Local Leak Testing
These studies are reviews to optimize a site’s local leakage rate testing program. The resources required for Type B and C testing can be minimized while at the same time retaining a safe and effective program in full compliance with all applicable regulations.
This is achieved by:
Reducing the number of Type B or C tests.
Taking credit for water filled systems, water sealed systems and closed loops can greatly reduce the number of type B and C tests required to be performed.
Reduction in the number of As-Found tests required.
Getting maximum advantage out of increased test intervals requires the proper definition of repairs and adjustments as well as maintenance/testing schedule coordination.
Optimization of administrative limits and total allowable leakage rate.
The values chosen for administrative limits as well as the methodology for the conversion between units of %/day to slpm or scfh may both be optimized.
Use of equivalent flow rate conversions between water and air.
The use of conversions from air to water is currently allowed and can reduce some high-pressure water testing. The conversions from water to air is allowed in the new revision of ANS 56.8 and allows for on-line quantification of Appendix J leakage rates where no Type C testing is possible.

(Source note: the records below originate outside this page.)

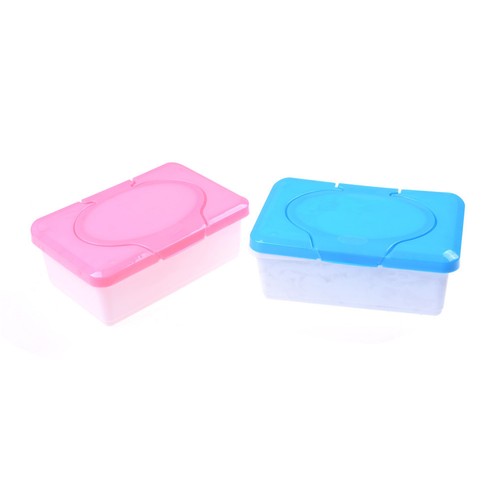 Boîte de lingettes pour bébé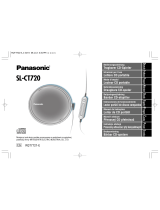 Panasonic SLCT720 Instrukcja obsługi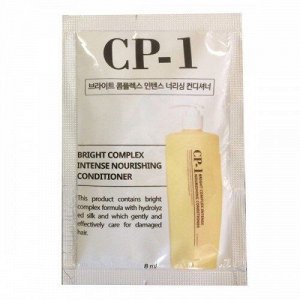 ESTHETIC HOUSE CP-1 BС Intense Nourishing Conditioner Протеиновый кондиционер для волос (пробник) 8мл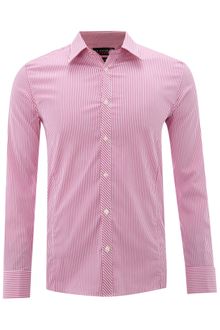 Ted Baker Long Sleeved Lux Satin Stripe Formal Shirt - Lyst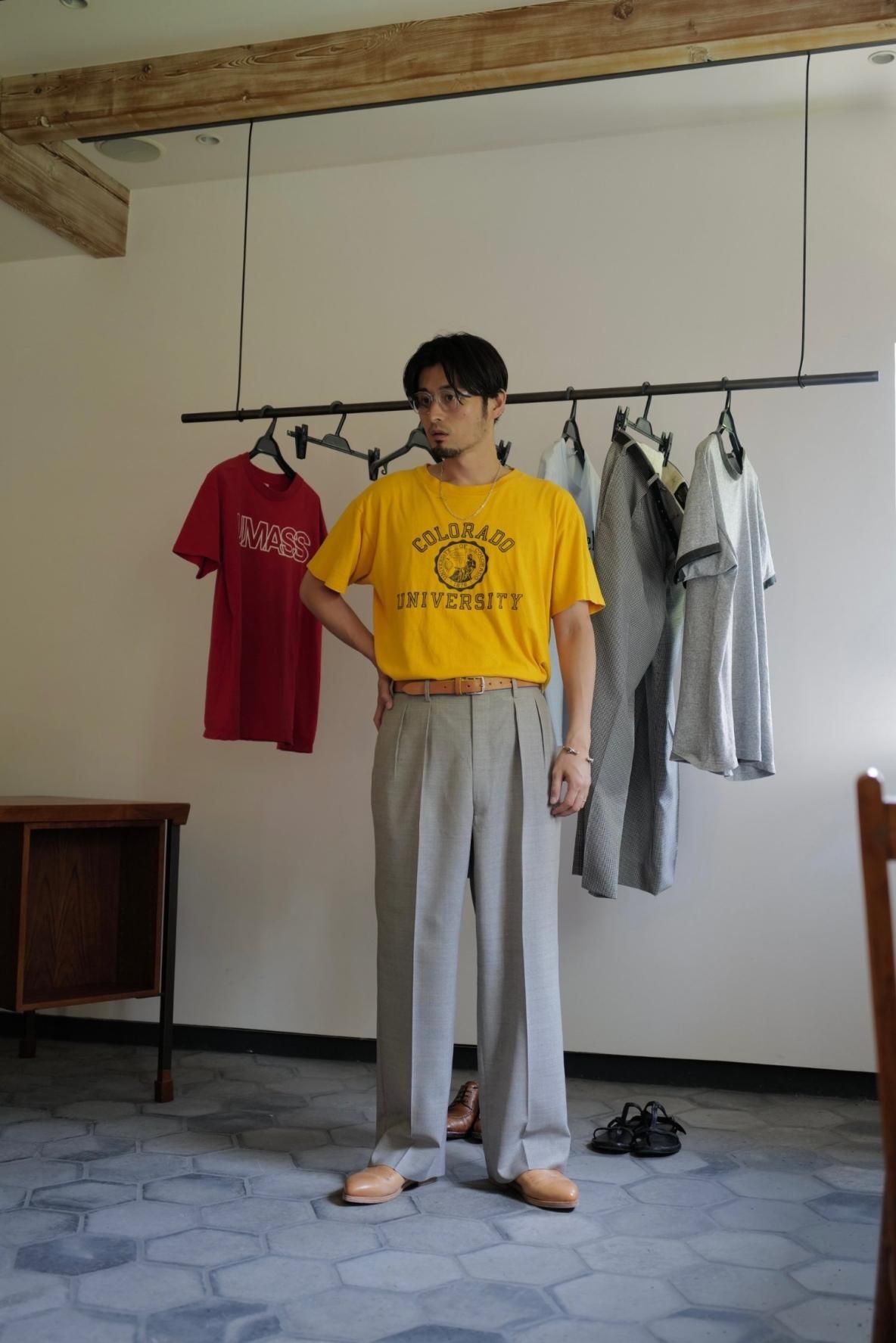 008 Dress Trousers (HS) - 商品帖 | 柿乃葉 / KAKINOHAHANARE 008 Dress Trousers (HS) - 商品帖 | 柿乃葉 / KAKINOHAHANARE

Increasing the intervals between Type B and C tests.
Option B to Appendix J as well as the most recent revisions to NEI 94-01 allow for significant extensions in Type B and C test intervals.
Minimizing time and labor needed for individual tests.
Reductions may be achieved by examining testing methodology such as the venting and draining practices and valve line-ups.
Increased on-line testing.
Moving some carefully chosen Type B and C tests from the outage to on-line testing can reduce outage workload and time.